Moreover, electric generation is notoriously inefficient. At centralized generation plants, typically two-thirds of the thermal energy created in the generation process is lost. Thus, only one-third of the energy in converted into electricity. And, in the transmission of electricity across miles of electrical lines, 5 percent of the power is lost due to resistance in the aluminum or copper wires.

What if we looked at the total energy use of the home and separated out the high-intensity appliances from the lighting and outlet power that solar and wind can service? Is propane a good choice for these appliances?

The targeted use of propane can make for a lower load on your electrical system when used for water heaters, stoves, clothes dryers and other high-heat applications. These applications can quickly drain solar and wind-charged batteries and overload even on-the-grid systems because those applications require so much electricity to operate properly. Electric high-heat appliances use three times as much energy as propane ones because, as noted above, two-thirds of the energy consumed by electric power plants escapes as heat.

Propane powers high-heat applications for this California luxury wine country home which has vineyard views, a 1500-bottle wine cellar/tasting room, and a creek you can dip into just off the porch. The home uses propane for the kitchen stove, fireplace, water heater and furnace. An outdoor grill is also linked to the main propane tank. Using propane for the stove and water heater takes a substantial load off the conventional grid-tied electrical system.

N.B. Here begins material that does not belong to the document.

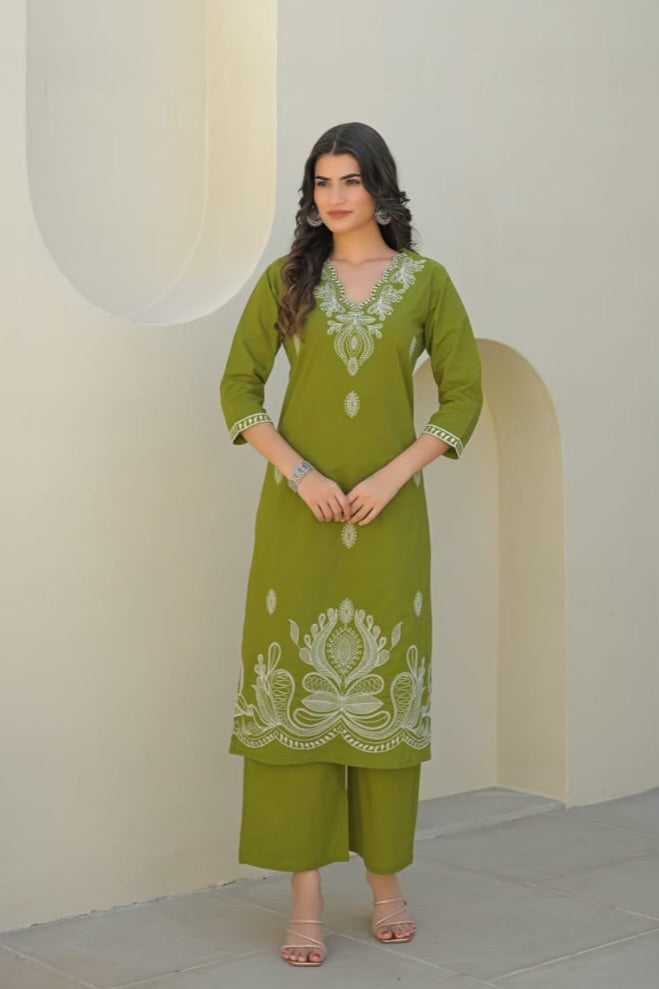 Beautiful Cotton 3 Piece Dress With Embroidery - 023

This off-grid home in the middle of the Colorado forest combines solar electricity with propane. The home features a propane-powered on-demand water heater and three direct-vent propane heaters that augment passive solar design and a wood stove for space heat.

It turns out that propane appliances bring an added bonus: lower operating costs. For example, gas stoves with electronic ignition (versus pilot lights) cost half as much to operate as electric ones. The same goes for water heaters and clothes dryers. Gas appliances tend to cost more up front, but they make up for the extra cost through operating savings usually within one year.

In addition, the reliability and performance of all your propane applications come at virtually no net impact on the surrounding environment you are trying preserve. Propane storage tanks help maintain the scenery by slipping into relatively small outside spaces without trenching up the habitat. And, they can be filled by a service technician without damaging ground cover.

Beyond this, propane is nontoxic and low-carbon. It burns virtually free of soot and produces less sulfur and nitrous oxides than diesel, gasoline and other fuels—and all of that is better for our air quality and our health. And, in the unlikely event of a spill from its container or tank, propane vaporizes into the air—leaving air, soil, and water clean and healthy.

What about propane for reliable backup electricity generation when the grid goes down or your batteries are low? Propane is an excellent fuel for backup generators, too.

A good example of propane used exclusively for backup power is this 35-acre ranch located in the Colorado mountains five miles from the nearest electric utility pole. Hooking it to the grid would have been wildly expensive. Instead, electricity generated by solar photovoltaic panels and a wind turbine charges batteries that power the electrical system. Rooftop solar provides hot water for showers, dishwasher, hot tub, and a radiant-heating system in the floor. But successive cloudy days can run down the battery system, so a 1,000-gallon propane tank provides fuel to two backup generators as necessary to keep the ranch going.

For those who also have propane-powered appliances as well, the same propane tank that powers an emergency electrical generator can, of course, supply those appliances.

Building close to nature doesn’t have to mean making difficult trade-offs. Instead, with the right combination of technologies and materials, you can achieve optimal results that meet your needs and the needs of nature at the same time.